I'd forgotten how much I utterly, absolutely adored Jam & Jerusalem. Created by one of the most amazing British comedy actors and writers of all time (Jennifer Saunders), J&J centres on a rural English village called Clatterford St. Mary (fictional) and its WI Guild (very non-fictional).

It's basically a work of genius, in my not particularly humble opinion. First of all we need to commend the sheer quality of female comedians and actors at work here. You'd be forgiven for wondering when Joanna Lumley will pop up because her character is so unlike her and Dawn French is a wonderful breath of fresh air regarding the portrayal of mentally ill characters in comedy.

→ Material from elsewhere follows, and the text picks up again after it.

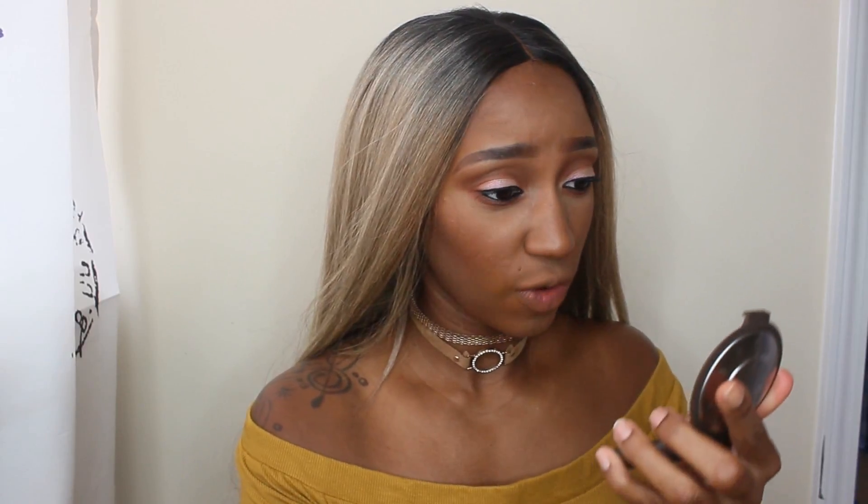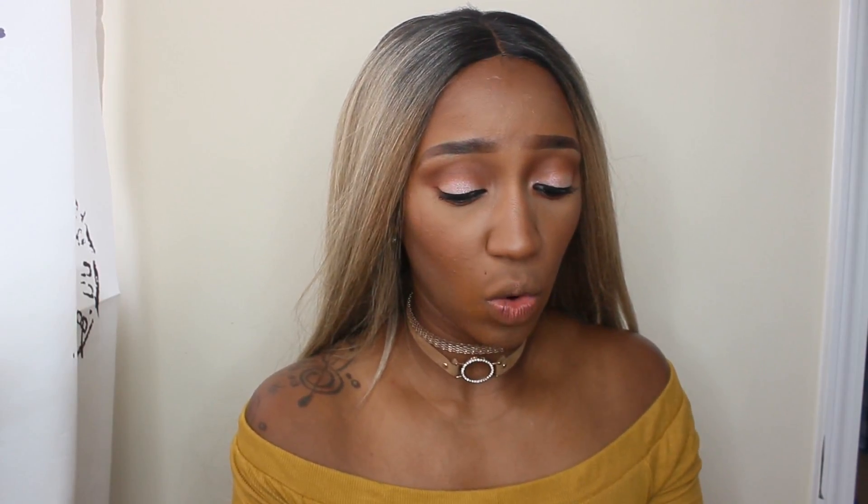While I'm waiting on my lash glue to dry, I'm going to go ahead and put on my highlight. For today I'm using my Becca Champagne Pop highlighter — I haven't used this in so long.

The story begins with Sue Johnston's character, Sal, a part-time nurse practitioner whose husband unexpectedly dies of a heart attack, bringing her son (James, played by David Mitchell) in to run the village's practice along with his wife. And then we get to the Women's Institute Guild, run by the absolutely brilliantly played-by-Maggie-Steed Eileen. She is a force to be reckoned with, let me tell you. Her character and her obsession with Charles Dance feature in my Top Ten Comedy Moments That Never Fail To Make Me Laugh When I Think About Them.

The relationships between all the characters is astounding. They are all driven together by the WI, the jam and the Jerusalem, despite most of them not particularly even wanting to be there in the first place, or perhaps not having any kind of real reason for being there. Sal is reluctant to join in at first, but alongside Tip, (Pauline McLynn, who played Mrs Doyle in Father Ted if you need any more encouragement to watch it), who plays the little red devil upon Sal's shoulder quite marvellously, they both join up as a "what the hell, it might be fun" initiative.

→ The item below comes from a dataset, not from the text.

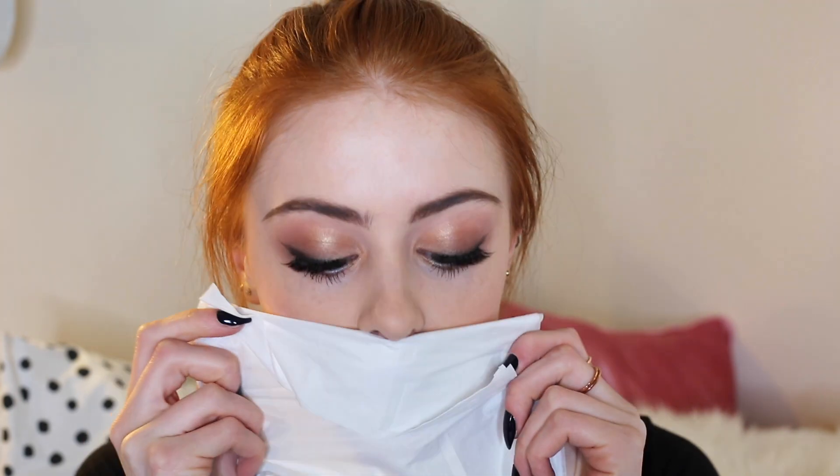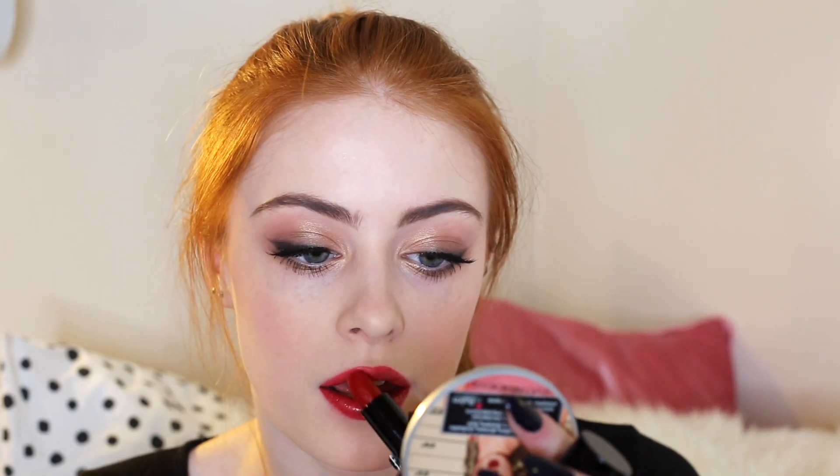I'm going to take a bit of tissue and just blot my lips, then go back to the lipstick again and pat on a little bit more colour. Going back with my foundation brush that I used at the start, I'm just going to use this really close to my lip line and just clean it up a bit.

Countrylife frolics ensue. We have your average farm escapades and horse-riding shenanigans that you'd expect to find in any English rural town, alongside vicarage tales of the quite-ordinary-actually and a varied plethora of family sub-plots that all, somehow, lead back to the WI and its members. We have the obvious and perhaps clichéd run-ins with cake competitions and village fétes, each one with more clichés thrown on top of them. But don't get me wrong: it's not a clever ploy to disregard the pastoral life as something utterly banal and worthless. It is an endearing celebration of it with a comedic twist.

As French and Saunders say: "only take the piss out of the things that you love".